As London Fashion Week wraps up for another season, the trends have started to emerge for Autumn/Winter ’16. The ‘70s is still hanging on as a trend, but in a Ziggy Stardust, glam rock kind of way, rather than the bohemian take that we’ve seen previously. Designers have been looking to other decades for a source of inspiration (thankfully, before fashion got completely stuck in a 1970s-induced rut) and the use of bright colours and pastels has refreshingly been explored for the typically dark season.
Shades of Green
Green is most definitely having a moment. The khaki military trend we saw at London Collections Men – and at New York Fashion Week –continues, but rich shades of olive, jade and emerald were also seen at the likes of Burberry, Pringle of Scotland and Christopher Kane, offering up a whole host of new hues for AW16.
If there was one look that dominated this season’s street style, it was big, colourful, faux fur. This is a look that designers are very much running with next season, with the leaders being Charlotte Simone and Shrimps. From baby pink shaggy coats and striped scarves to checkerboard prints and fur-trimmed leather jackets, expect next season’s wardrobes to come with a fuzzy accompaniment.

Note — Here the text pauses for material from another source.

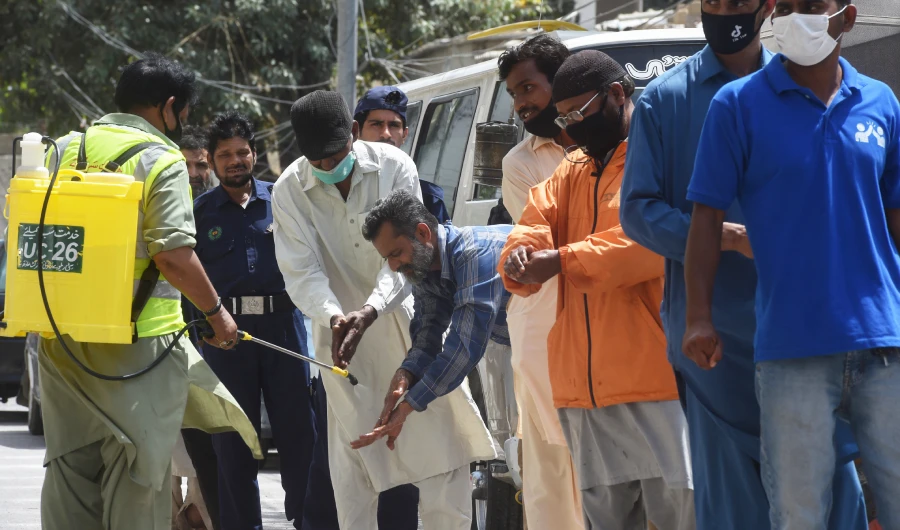 A worker sprays sanitiser on the hands of man lining up maintaining social distancing to buy groceries from a governmental subsidised shop during a government-imposed nationwide lockdown as a preventive measure against the spread of the COVID-19 coronavirus, in Karachi on April 8, 2020. (AFP)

The mannish, loose-fit doubled breasted suit was one of the underlying trends at this season’s London Fashion Week – from pastel and asymmetric pieces at Eudon Choi, to cropped and printed at Vivienne Westwood Red Label and simple-meets-bold at Paul Smith – worn with t-shirts and vests underneath for a contemporary take on the classic two-piece.
Gold and Caramel
Brightening up the black, grey and navy this season were flashes of rich gold and caramel shades – a slightly more exciting update from the camel that has dominated seasons past. Found on lapels and trench coats at Topshop Unique, glorious woollen two-pieces at Pringle of Scotland, Inuit-inspired patchwork at Besltaff and embroidered flowers at Markus Lupfer, these are the shades to tap in to next season.
It seems as though we’ve gone through the entire 1970s again with fashion’s recent obsession with the decade, but the 1930s and ‘40s are beginning to get a look in. Knee-length skirts, shirts and brogues were the look du jour at Margaret Howell, while movie-star hopefuls from the era were the inspiration for Erdem’s ‘30s bias-cut gowns and ‘40s tailoring.